Courts are increasingly addressing putative class actions aimed at curbing allegedly illegal government conduct. An Oregon federal court recently certified a Rule 23(b)(2) class action in a challenge to alleged ICE warrantless arrest practices, holding that plaintiffs may proceed on behalf of people arrested, or at risk of arrest, without a warrant and without pre-arrest individualized probable-cause assessments. See M-J-M-A- et al. v. Lyons et al., No. 6:25-CV-02011-MTK, 2026 WL 1815866 (D. Or. June 24, 2026).
The M-J-M-A- plaintiffs allege that federal immigration officials arrested them without a warrant, without probable cause that they had committed an immigration violation, and without probable cause that they were likely to flee before a warrant could be obtained. The court granted certification of a “Warrantless Arrest Class” and an “Unassessed Escape Risk Subclass,” each focused on whether ICE made the individualized assessments required before conducting warrantless immigration arrests.
The court grounded its certification decision in Rule 23(a)’s commonality requirement. Rule 23(a)(2) requires at least one common question capable of class-wide resolution, and the court emphasized that the plaintiffs were not merely aggregating individualized arrest disputes but challenging an alleged policy and practice of warrantless arrests without required probable-cause determinations. The court identified multiple common legal questions, including whether defendants had a policy or practice of making warrantless arrests without individualized escape-risk determinations. The court also found numerosity because ICE had arrested hundreds of Oregonians and was targeting thousands more, typicality because the named plaintiffs challenged the same alleged policy and sought the same relief as absent class members, and adequacy because the named plaintiffs and counsel had no identified conflicts and would vigorously represent the class. Finally, the court found that Rule 23(b)(2) was satisfied because Defendants’ policy and practice of conducting unlawful warrantless arrests applied to all class members who have been or will be arrested pursuant to that policy, making final injunctive relief appropriate as to the class as a whole.

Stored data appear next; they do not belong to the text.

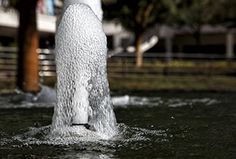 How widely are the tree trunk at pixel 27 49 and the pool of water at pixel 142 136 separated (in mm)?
5259

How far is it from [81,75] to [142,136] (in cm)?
116

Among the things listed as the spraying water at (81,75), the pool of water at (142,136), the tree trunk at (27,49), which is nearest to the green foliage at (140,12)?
the tree trunk at (27,49)

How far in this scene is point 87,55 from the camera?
27.9 feet

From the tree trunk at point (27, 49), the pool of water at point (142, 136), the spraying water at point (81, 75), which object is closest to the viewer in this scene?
the pool of water at point (142, 136)

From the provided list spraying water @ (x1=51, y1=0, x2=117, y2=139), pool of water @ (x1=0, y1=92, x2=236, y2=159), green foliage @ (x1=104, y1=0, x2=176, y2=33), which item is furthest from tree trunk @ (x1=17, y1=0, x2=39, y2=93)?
green foliage @ (x1=104, y1=0, x2=176, y2=33)

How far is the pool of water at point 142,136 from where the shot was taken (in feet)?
23.2

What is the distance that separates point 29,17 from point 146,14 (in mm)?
22482

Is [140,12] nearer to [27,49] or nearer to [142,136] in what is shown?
[27,49]

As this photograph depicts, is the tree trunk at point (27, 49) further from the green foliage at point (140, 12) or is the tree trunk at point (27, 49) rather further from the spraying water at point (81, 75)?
the green foliage at point (140, 12)

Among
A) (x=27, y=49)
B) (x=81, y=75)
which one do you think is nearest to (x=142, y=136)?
(x=81, y=75)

The ruling shows how Rule 23(b)(2) can function as the procedural vehicle for broad prospective relief against allegedly unlawful government practices. That point has become especially important after the Supreme Court’s decision limiting universal injunctions, which directed attention back to class certification as a pathway for broader relief. The Oregon decision is an early illustration of that shift: as universal injunctions recede, class actions—particularly Rule 23(b)(2) class actions seeking injunctive or declaratory relief—are likely to become an increasingly important tool in challenges to federal enforcement policies.